• [Task description]:
Pictures stay out of the answer, but every line of the material must be restated exactly.

• [Raw data]:
━━━━━━━━━━━━━━━━━━━━

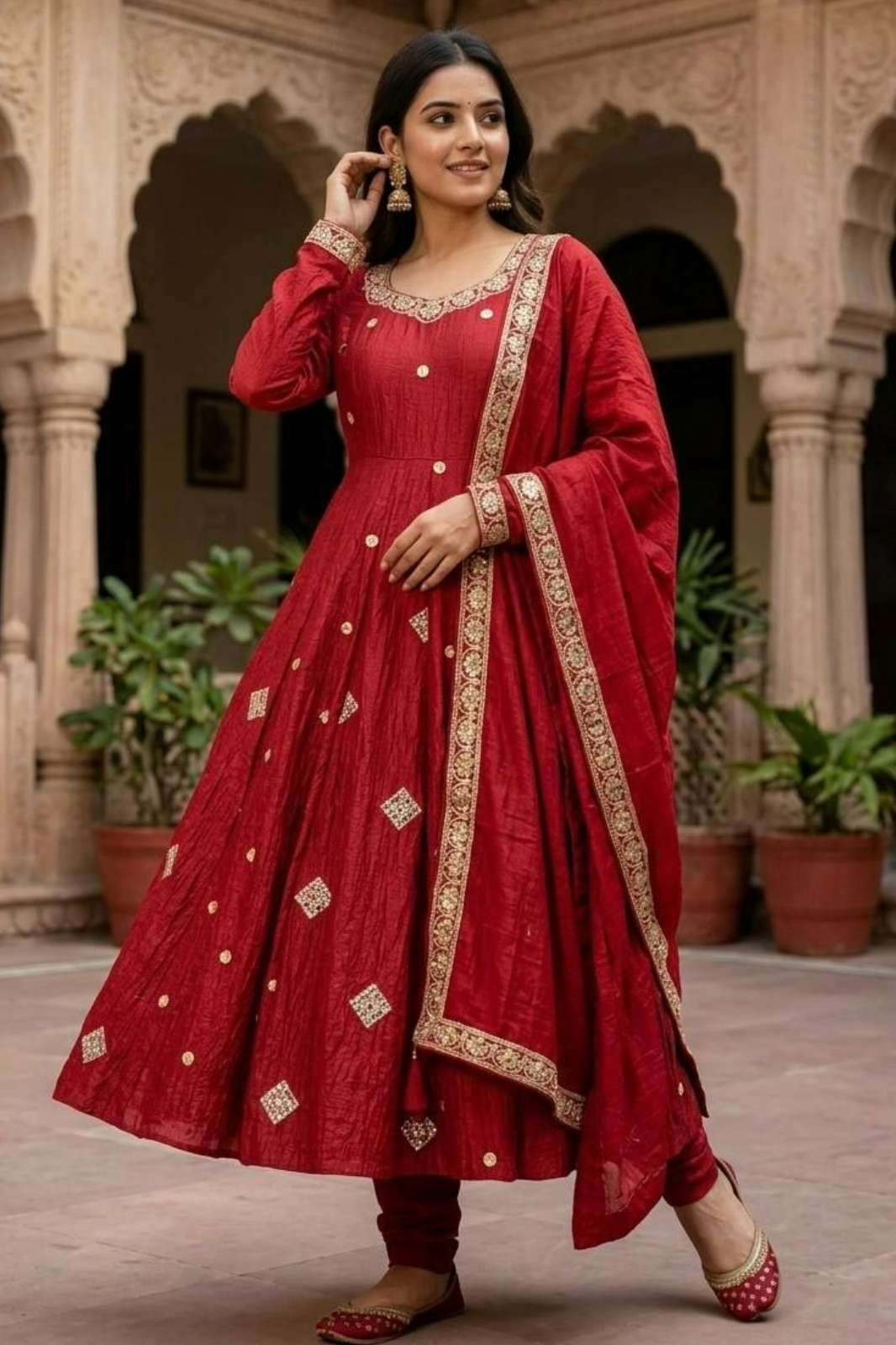 Balaji Emporium DV 22955 Ready to Wear Crunchy Silk Sequins & Embroidery Work Suit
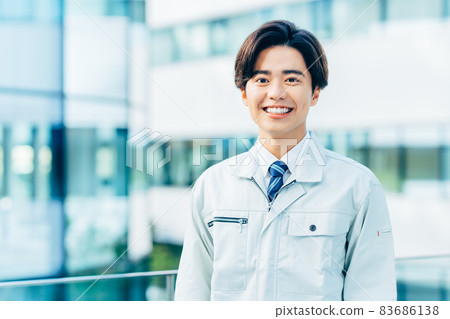 Male young worker shooting cooperation "LINK FOREST" Male young worker shooting cooperation "LINK FOREST" 83686138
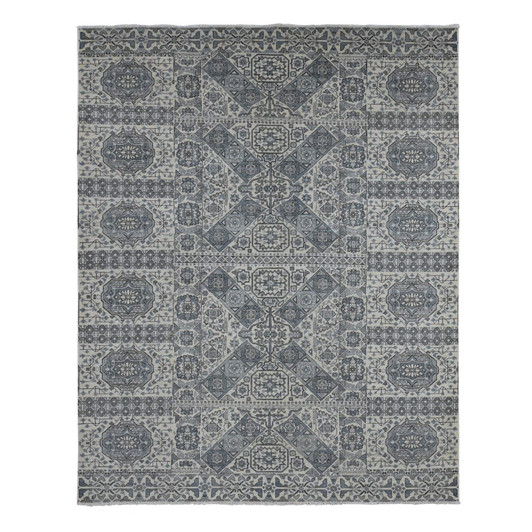 Mamluk Wool Hand Knotted Rug Grey No Border 8.2X10.5 -O087059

━━━━━━━━━━━━━━━━━━━━

• [Written solution]:
 Balaji Emporium DV 22955 Ready to Wear Crunchy Silk Sequins & Embroidery Work Suit
 Male young worker shooting cooperation "LINK FOREST" Male young worker shooting cooperation "LINK FOREST" 83686138
 Mamluk Wool Hand Knotted Rug Grey No Border 8.2X10.5 -O087059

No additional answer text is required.